Image Source: https://www.flickr.com/photos/ricjl/9026958429
When trying to explain the concept, I started describing for my students how the Choose Your Own Adventure books worked. They were among my favorite books as a child. I loved that you could make choices within the story and read the same book over and over, each time enjoying a different experience. I also loved trying to map out every possible path through the story. The idea of branching becomes much more concrete when considering these stories. Why not program our own in class?
For my high school students, I gave them a simple prompt: Brainstorm a compelling idea for a Choose Your Own Adventure-style story. First, consider the setting, characters, and plot. Create at least three branches in your story paths. The program player should be able to enter a key or word to make a choice between two options at each of your three branches. The outcomes should differ based on each choice the player makes. Your whole story should be nested inside a while loop, allowing the player to answer (y/n) at the end of each game if they wish to play again. If they enter “y”, they can play again. If they enter “n”, the game terminates with a descriptive message.
This could be a great project to connect computer science with a social studies, English, or a science topic, or you can let students select their own themes. Even if you are not learning a programming language such as Python, crafting a story outline on paper makes for an interesting unplugged activity for students of all ages. If this choice is selected, then what happens? This could also be done in a word processing document such as Google Docs with simple hyperlinks and bookmarks within a document.
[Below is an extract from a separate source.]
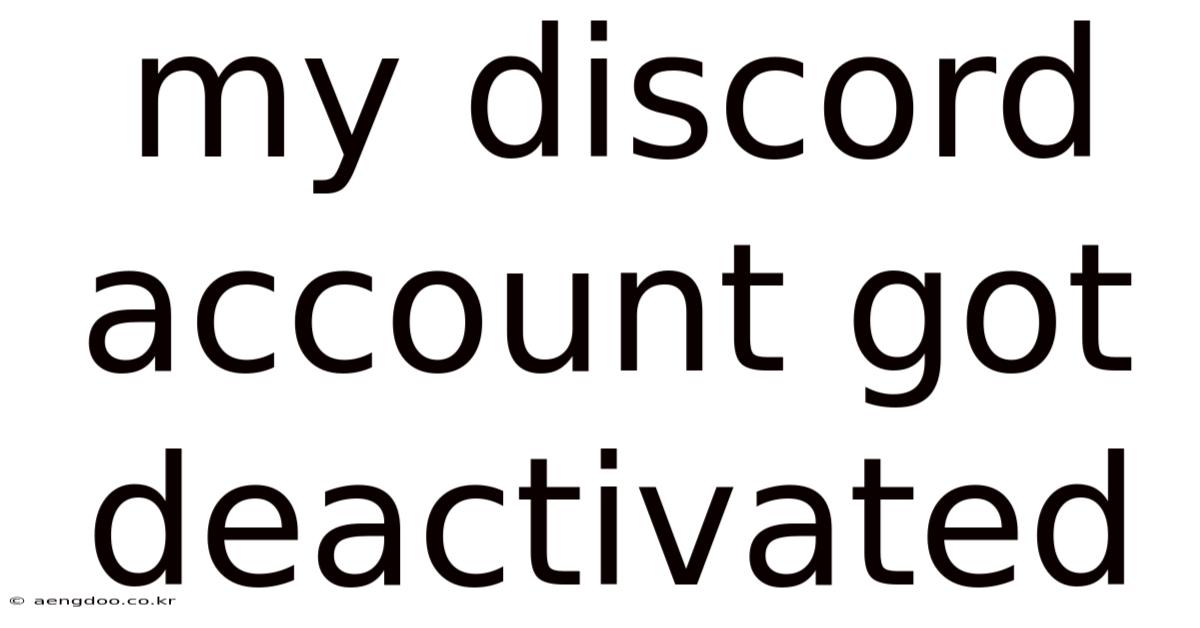My Discord Account Got Deactivated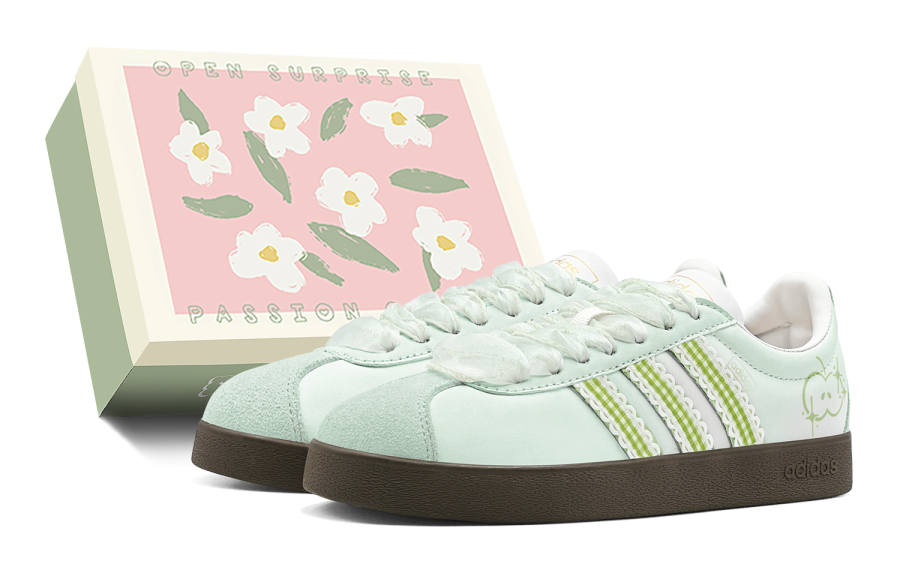 Adidas Adidas Vl Court Classic Spring Refresh, Apple Sweetheart, Handmade, German Army Trainers Low top Casual Skate Shoes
Here are some resources you can use to create Choose Your Own Adventure-style stories with your computer science students:
- DIY Choose Your Own Adventure: Common Sense Media
- Choose Your Own Adventure Hypertext Lesson Plan: Read Write Think
- Creating a Choose Your Own Adventure Story: Virtual Museum of Canada
- If-Then Adventure Stories: Google’s Applied Digital Skills
Have you tried something like this in your class? What other ways do you have to integrate computer science with other topics?